The thing about goals is when are they too much? I addressed this topic in Do You Have Fitness Goals? Or Do They Have You? Though I’m not sure I came up with any answers, it’s possible and in fact pretty likely, that I’m overdoing it. Bicycling at the speed I go on average is time consuming. So I do miss out on other things. Now that I’ve reached my big five-year goal, and haven’t firmly set on what to do after this year’s goal, the feeling is one of confusion, loss of focus or purpose, even. I’ve considered it sort of a job to bike as much as I have, and continue to. A fun one, but work just the same. So if that job is taken away (just as I was laid off after 11 years — the third anniversary of that is the day after Halloween), I’m left wandering and wondering what to do with myself.
The correct answer of course is to diversify my physical exercise. Bike less, swim more, maybe try weights or resistance bands at home, pilates, more vigorous yoga, walking faster. I started swimming then the ‘rona cancelled it. But that’s available again now, except it means going to an outdoor i.e. cold pool. Or swimming inside, and sharing lanes and possible germs, bugs, cooties and maybe a virus. And I could always do the other exercises if I had the time and motivation.
After my first year of spending a lot of T.ime I.n T.he S.addle, I thought I’d write a book. It was easier to bike, so it took me another 15 months to get started. These days, that book manuscript is resting comfortably, just waiting for me to relinquish control and give it to some beta readers and maybe an editor. I may have found someone who can edit and will give them a chapter to see if they’re interested. And I just need to stick my feet in the water world of beta readers to see how that goes. Do I necessarily have to read their work too? An apartment leasing agent actually said he might be interested in reading it. That would be great.
Speaking of apartments, looking for a place to live has been high on the list of things I have to do. Then there’s the packing, moving, cleaning, and unpacking. It’s hard enough to find an affordable place in Austin in normal times. But times are abnormal, so it’s more difficult. Today I identified two possibilities, and then got out to see them. In both cases, the homeowner and potential housemates were women. And both happened to own and ride bicycles. That’s not the only criteria, of course, but it certainly helps.
Moving through time and space as I have around the world on the bicycle, and again in the sense of changing residences, are just the next stage in the journey. How it goes, no body knows. I wrote a rambling rhapsodic post on this topic of change called Moving A Dude’s Abode and Body: A Buddhist View. There were no clear lessons or conclusions drawn.
Yet, as I mounted up on my bike again tonight in the 40-degree cold front with a very fine mist falling, I felt that I was exactly in the right time and place.

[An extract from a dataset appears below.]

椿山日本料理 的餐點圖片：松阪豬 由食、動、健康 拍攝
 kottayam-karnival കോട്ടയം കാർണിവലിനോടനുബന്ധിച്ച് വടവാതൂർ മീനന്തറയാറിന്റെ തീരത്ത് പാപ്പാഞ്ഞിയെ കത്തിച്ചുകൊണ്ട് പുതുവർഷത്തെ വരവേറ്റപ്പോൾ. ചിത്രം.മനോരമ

Pedaling over familiar streets in the darkness, my headlights and streetlights illuminating my way, there were all the feelings. From the strain in my legs, knees and feet, the ache in the lower back, to the numbness in the wrists and seat area. Traffic flowed by. There’s a port-a-potty I knowso I stopped to do my business. Cold. Quiet. Effort.
I only saw a few episodes, but I read about how the makes of the HBO series The Sopranos chose to end it. The last scene of the finale shows Tony doing something he’d normally do, like ride in a car. And then it fades to black, with the song Don’t Stop Believin’ by Journey playing. The explanation for why the creators did it that was was they wanted to show the character just kept on being who he was, doing what he did. And I suppose that may be how it is for most of us. We just keep on keepin’ on, doing that voodoo that you do so well.
For me, it’s biking. I can’t think of a better way to go where I need to or want to go. And that’s enough for me for now.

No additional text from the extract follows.